*TASK ITEM*. Starting with the line that contains "citizentvkenya's tweet photo." and stopping after the line that contains "Attilio Marchiori, ragioniere, laureato", copy the entries below exactly. Include nothing else.

*SOURCE RECORDS*.
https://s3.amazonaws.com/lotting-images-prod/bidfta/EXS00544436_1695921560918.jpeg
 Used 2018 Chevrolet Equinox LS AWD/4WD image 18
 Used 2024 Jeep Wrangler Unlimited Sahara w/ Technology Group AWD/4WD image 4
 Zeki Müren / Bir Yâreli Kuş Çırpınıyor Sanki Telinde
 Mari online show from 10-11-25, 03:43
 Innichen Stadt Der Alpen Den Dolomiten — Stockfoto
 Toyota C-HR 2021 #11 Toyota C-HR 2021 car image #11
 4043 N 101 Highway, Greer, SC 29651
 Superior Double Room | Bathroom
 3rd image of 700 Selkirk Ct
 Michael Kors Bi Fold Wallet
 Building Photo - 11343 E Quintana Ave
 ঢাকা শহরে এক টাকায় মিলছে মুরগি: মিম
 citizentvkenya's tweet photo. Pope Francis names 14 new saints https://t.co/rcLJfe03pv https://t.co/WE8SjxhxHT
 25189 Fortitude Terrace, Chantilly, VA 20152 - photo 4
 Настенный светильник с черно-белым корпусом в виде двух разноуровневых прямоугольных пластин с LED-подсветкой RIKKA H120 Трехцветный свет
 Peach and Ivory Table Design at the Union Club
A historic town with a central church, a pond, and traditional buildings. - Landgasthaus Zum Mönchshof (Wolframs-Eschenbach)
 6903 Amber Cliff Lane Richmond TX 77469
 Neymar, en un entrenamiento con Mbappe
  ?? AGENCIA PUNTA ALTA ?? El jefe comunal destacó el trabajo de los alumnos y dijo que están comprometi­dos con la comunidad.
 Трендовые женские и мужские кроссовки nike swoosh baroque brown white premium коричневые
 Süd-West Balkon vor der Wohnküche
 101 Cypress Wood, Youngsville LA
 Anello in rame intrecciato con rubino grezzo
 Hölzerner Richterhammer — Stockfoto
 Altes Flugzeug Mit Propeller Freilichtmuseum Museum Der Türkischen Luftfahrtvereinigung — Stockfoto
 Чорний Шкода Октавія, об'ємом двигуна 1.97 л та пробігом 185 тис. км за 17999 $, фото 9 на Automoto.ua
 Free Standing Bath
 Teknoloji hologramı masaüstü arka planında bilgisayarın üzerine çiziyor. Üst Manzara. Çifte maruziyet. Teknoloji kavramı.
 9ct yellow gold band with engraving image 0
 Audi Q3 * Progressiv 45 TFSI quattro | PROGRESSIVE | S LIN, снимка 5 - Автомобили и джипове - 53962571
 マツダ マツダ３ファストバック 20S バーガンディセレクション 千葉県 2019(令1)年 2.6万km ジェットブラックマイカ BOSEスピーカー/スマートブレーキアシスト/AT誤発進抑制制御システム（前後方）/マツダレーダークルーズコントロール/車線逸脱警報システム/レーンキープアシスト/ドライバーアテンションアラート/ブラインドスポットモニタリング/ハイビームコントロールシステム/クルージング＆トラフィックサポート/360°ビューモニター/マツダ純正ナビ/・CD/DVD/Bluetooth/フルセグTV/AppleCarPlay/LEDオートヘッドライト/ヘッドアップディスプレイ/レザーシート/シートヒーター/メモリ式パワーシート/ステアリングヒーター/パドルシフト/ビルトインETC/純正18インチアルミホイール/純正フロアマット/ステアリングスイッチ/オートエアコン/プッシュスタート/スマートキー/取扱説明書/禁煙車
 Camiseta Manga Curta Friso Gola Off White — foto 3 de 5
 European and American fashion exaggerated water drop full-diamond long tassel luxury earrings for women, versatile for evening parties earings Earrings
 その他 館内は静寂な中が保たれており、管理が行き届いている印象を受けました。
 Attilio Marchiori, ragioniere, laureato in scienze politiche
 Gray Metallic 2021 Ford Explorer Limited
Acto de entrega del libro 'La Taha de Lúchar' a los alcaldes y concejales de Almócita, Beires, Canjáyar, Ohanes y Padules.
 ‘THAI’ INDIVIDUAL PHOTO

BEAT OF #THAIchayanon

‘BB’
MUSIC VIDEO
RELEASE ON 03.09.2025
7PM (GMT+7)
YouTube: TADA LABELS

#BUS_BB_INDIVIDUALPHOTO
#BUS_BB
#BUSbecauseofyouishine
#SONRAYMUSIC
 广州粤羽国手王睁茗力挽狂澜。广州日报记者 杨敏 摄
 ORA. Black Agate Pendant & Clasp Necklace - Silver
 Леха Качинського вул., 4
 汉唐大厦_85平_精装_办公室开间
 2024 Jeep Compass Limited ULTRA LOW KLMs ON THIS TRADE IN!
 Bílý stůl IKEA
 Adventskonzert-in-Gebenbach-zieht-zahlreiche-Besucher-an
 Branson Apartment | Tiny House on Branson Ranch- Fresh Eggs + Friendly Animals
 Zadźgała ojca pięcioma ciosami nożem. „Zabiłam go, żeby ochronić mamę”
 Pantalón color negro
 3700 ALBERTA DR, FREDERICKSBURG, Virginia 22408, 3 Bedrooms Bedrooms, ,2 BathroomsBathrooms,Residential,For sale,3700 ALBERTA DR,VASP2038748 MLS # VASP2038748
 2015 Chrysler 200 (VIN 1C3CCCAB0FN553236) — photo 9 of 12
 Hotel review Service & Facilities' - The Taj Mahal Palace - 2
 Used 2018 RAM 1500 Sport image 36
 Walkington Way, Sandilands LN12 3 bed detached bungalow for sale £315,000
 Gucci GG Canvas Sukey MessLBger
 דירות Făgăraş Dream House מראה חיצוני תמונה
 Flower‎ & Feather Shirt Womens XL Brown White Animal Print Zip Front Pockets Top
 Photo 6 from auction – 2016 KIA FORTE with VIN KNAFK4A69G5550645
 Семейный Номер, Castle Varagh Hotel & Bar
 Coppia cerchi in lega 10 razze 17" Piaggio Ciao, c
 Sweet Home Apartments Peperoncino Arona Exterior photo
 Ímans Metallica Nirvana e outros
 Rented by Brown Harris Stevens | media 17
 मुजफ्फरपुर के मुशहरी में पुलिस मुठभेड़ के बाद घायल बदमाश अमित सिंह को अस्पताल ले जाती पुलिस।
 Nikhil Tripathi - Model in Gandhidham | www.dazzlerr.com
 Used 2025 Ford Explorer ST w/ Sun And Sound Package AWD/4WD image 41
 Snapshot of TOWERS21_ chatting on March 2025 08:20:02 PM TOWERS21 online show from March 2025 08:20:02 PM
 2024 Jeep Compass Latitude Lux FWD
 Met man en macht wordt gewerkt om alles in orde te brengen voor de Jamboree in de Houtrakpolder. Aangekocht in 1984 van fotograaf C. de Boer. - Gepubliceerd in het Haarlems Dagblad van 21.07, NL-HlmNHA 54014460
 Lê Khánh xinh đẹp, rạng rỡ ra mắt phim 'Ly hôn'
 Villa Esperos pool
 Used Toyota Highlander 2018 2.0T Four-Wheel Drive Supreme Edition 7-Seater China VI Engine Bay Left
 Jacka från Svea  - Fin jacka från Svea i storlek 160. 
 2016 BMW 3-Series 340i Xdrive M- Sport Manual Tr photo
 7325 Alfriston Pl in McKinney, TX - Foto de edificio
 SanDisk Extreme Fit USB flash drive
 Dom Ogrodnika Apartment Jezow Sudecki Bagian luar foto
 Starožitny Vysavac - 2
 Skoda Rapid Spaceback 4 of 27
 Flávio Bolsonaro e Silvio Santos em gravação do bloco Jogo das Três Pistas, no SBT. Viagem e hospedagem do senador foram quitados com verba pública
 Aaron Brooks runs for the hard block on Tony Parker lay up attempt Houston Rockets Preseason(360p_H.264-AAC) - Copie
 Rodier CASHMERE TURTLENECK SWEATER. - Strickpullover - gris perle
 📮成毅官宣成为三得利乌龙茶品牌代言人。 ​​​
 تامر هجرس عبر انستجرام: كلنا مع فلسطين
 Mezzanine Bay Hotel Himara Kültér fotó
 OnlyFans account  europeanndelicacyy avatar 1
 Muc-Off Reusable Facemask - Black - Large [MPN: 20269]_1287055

*RESPONSE AREA*.
 citizentvkenya's tweet photo. Pope Francis names 14 new saints https://t.co/rcLJfe03pv https://t.co/WE8SjxhxHT
 25189 Fortitude Terrace, Chantilly, VA 20152 - photo 4
 Настенный светильник с черно-белым корпусом в виде двух разноуровневых прямоугольных пластин с LED-подсветкой RIKKA H120 Трехцветный свет
 Peach and Ivory Table Design at the Union Club
A historic town with a central church, a pond, and traditional buildings. - Landgasthaus Zum Mönchshof (Wolframs-Eschenbach)
 6903 Amber Cliff Lane Richmond TX 77469
 Neymar, en un entrenamiento con Mbappe
  ?? AGENCIA PUNTA ALTA ?? El jefe comunal destacó el trabajo de los alumnos y dijo que están comprometi­dos con la comunidad.
 Трендовые женские и мужские кроссовки nike swoosh baroque brown white premium коричневые
 Süd-West Balkon vor der Wohnküche
 101 Cypress Wood, Youngsville LA
 Anello in rame intrecciato con rubino grezzo
 Hölzerner Richterhammer — Stockfoto
 Altes Flugzeug Mit Propeller Freilichtmuseum Museum Der Türkischen Luftfahrtvereinigung — Stockfoto
 Чорний Шкода Октавія, об'ємом двигуна 1.97 л та пробігом 185 тис. км за 17999 $, фото 9 на Automoto.ua
 Free Standing Bath
 Teknoloji hologramı masaüstü arka planında bilgisayarın üzerine çiziyor. Üst Manzara. Çifte maruziyet. Teknoloji kavramı.
 9ct yellow gold band with engraving image 0
 Audi Q3 * Progressiv 45 TFSI quattro | PROGRESSIVE | S LIN, снимка 5 - Автомобили и джипове - 53962571
 マツダ マツダ３ファストバック 20S バーガンディセレクション 千葉県 2019(令1)年 2.6万km ジェットブラックマイカ BOSEスピーカー/スマートブレーキアシスト/AT誤発進抑制制御システム（前後方）/マツダレーダークルーズコントロール/車線逸脱警報システム/レーンキープアシスト/ドライバーアテンションアラート/ブラインドスポットモニタリング/ハイビームコントロールシステム/クルージング＆トラフィックサポート/360°ビューモニター/マツダ純正ナビ/・CD/DVD/Bluetooth/フルセグTV/AppleCarPlay/LEDオートヘッドライト/ヘッドアップディスプレイ/レザーシート/シートヒーター/メモリ式パワーシート/ステアリングヒーター/パドルシフト/ビルトインETC/純正18インチアルミホイール/純正フロアマット/ステアリングスイッチ/オートエアコン/プッシュスタート/スマートキー/取扱説明書/禁煙車
 Camiseta Manga Curta Friso Gola Off White — foto 3 de 5
 European and American fashion exaggerated water drop full-diamond long tassel luxury earrings for women, versatile for evening parties earings Earrings
 その他 館内は静寂な中が保たれており、管理が行き届いている印象を受けました。
 Attilio Marchiori, ragioniere, laureato in scienze politiche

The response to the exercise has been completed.